Shell profits hit record $31 billion in 2007

Anglo-Dutch oil giant Royal Dutch Shell said on Thursday that net profits leapt 23 percent last year to a record 31.331 billion dollars (21.115 billion euros), energised by soaring crude prices.
Net profit on a current cost of supply basis, excluding fluctuations in the value of inventories, rose by 9.0 percent to 27.564 billion dollars in the twelve months to the end of December, compared with 2006.
The record-breaking figures were recorded last year as oil prices raced towards 100 dollars per barrel.
“Overall these are satisfactory results,” said chief executive Jeroen van der Veer in the earnings release.
“We made good progress in 2007, launched new projects upstream and downstream, and achieved exploration successes.”
In the fourth quarter alone, net profit rocketed 60 percent to 8.467 billion dollars, compared with the same period of 2006, Shell added.
That was despite a 5.7-percent drop in production over the same three-month period to 3.436 million barrels of oil equivalent per day (boepd).
The price of New York’s light, sweet crude oil traded between 85 dollars and 99 dollars per barrel in the three months to December. Earlier this month, prices had surged to an all-time pinnacle of 100.09 dollars.
Meanwhile, Shell added that fourth-quarter earnings on a CCS basis climbed to 5.737 billion dollars.
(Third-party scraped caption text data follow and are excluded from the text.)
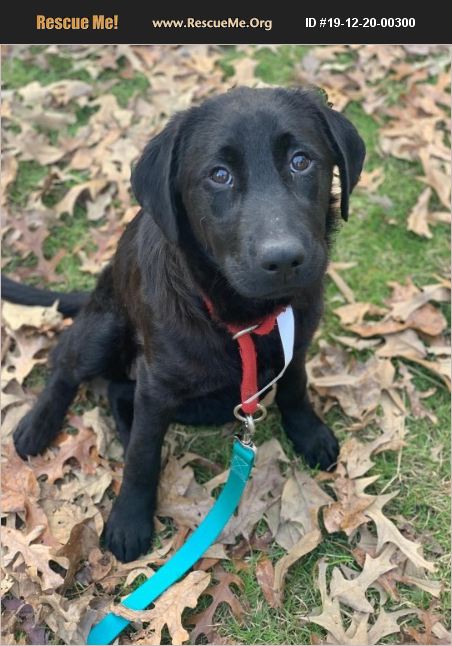 ADOPT 19122000300 ~ Flat-Coated Retriever Rescue ~ Sagaponack, NY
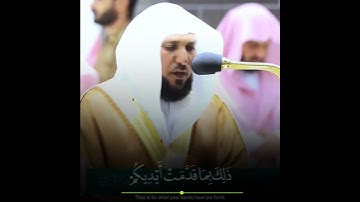 القارئ الشيخ د.#ماهر_المعيقلي_سورة_آل_عمران أكتب شئ تؤجر عليه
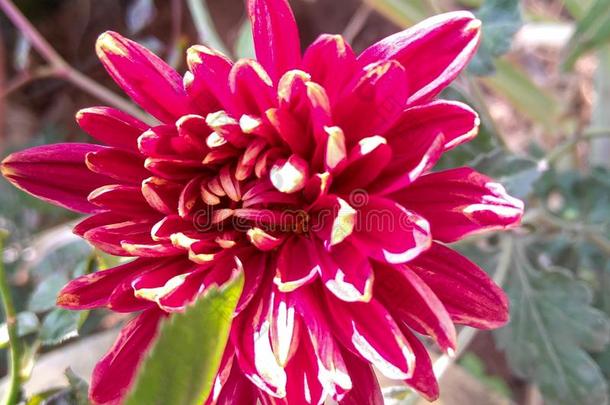 美丽的花瓣关于红色的花生长的采用指已提到的人花园,自然photographer摄影师
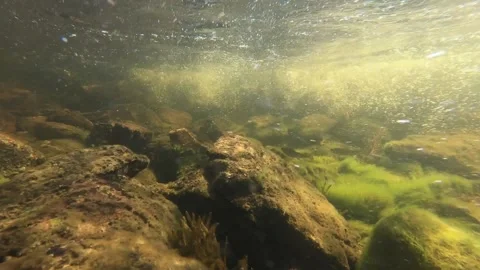 Trout Main Brook Newfoundland Video stock 185653664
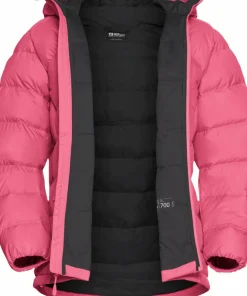 Women's Ather Down Hoody Damjackor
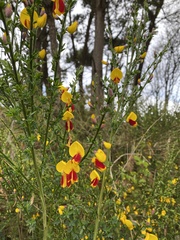 Cytisus scoparius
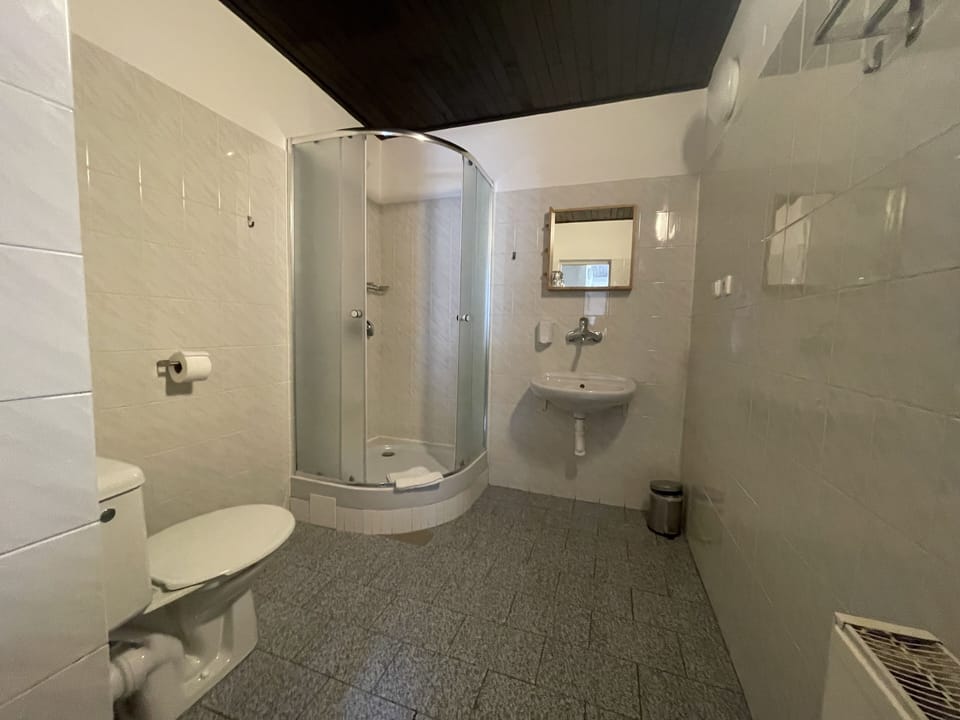 Comfort Double Room | Bathroom | Shower, towels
That missed analysts’ consensus forecasts of 5.826 billion.
The group also revealed that 2007 production dropped to 3.315 million boepd.
That compared with 3.473 million in 2006 and was at the bottom end of the company’s own guidance of 3.3-3.5 million.
Shell forecast on Thursday that it would experience a modest decline in oil and gas production in 2008, chief finance officer Peter Voser said in a conference call to reporters.
That would mainly reflect the impact of asset disposals, the partial suspension of production in Nigeria, and the pricing effects of the company’s production sharing contracts, Voser said.
Unrest in Nigeria, the world’s eighth-largest crude exporter, slashed the country’s output by a quarter in 2006 and 2007 to 2.1 million barrels per day, according to the latest estimates.
“Going into 2008, without giving any precise guidance, we expect production to be slightly below 2007,” Voser added Thursday.
Over 180,000 boepd of the group’s output remains shut in Nigeria because of continued violent attacks by militants on its oil facilities in the oil-rich Niger Delta region.
In London trading, Shell saw its ‘A’ shares fall 1.73 percent to 1,758 pence on the British capital’s FTSE 100 index of leading companies, which in turn sank 1.44 percent to 5,753.50 points.
Shell also raised dividends for the fourth quarter by 11 percent to 0.36 dollars per share, and said it expected to lift the payout for the first quarter of 2008 by 11 percent to 0.40 dollars.